**Task directions:** Would you please return the lines of the entries below starting at the line that has "Beinruderer auf dem Inle-See" and ending at the line that has "Zar Amir-Ebrahimi autograph", both included, exactly as they are?

=======

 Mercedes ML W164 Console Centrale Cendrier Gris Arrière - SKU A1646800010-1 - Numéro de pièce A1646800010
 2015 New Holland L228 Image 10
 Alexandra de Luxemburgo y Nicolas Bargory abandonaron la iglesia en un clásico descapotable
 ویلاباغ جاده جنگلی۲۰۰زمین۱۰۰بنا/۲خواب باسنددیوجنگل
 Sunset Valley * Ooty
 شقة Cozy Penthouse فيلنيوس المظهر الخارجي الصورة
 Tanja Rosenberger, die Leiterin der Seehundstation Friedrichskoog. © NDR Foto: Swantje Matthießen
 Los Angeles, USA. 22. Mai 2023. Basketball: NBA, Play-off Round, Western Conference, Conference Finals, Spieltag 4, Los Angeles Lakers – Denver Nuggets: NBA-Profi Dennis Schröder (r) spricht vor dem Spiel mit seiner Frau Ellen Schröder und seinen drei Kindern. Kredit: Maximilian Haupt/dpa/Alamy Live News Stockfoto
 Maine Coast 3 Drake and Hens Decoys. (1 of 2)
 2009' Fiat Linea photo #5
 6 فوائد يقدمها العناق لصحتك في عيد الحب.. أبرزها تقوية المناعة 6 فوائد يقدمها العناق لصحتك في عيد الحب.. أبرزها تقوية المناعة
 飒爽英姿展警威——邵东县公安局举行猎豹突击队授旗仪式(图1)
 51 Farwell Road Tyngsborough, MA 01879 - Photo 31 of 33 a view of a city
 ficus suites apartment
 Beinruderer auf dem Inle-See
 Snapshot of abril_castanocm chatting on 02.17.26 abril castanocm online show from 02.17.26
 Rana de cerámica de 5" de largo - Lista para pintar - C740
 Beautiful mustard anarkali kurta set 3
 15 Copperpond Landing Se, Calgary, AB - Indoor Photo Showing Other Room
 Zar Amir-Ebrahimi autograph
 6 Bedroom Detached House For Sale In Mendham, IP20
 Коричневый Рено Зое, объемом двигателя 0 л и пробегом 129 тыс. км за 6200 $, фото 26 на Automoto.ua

=======

**Answer to the problem:**
 Beinruderer auf dem Inle-See
 Snapshot of abril_castanocm chatting on 02.17.26 abril castanocm online show from 02.17.26
 Rana de cerámica de 5" de largo - Lista para pintar - C740
 Beautiful mustard anarkali kurta set 3
 15 Copperpond Landing Se, Calgary, AB - Indoor Photo Showing Other Room
 Zar Amir-Ebrahimi autograph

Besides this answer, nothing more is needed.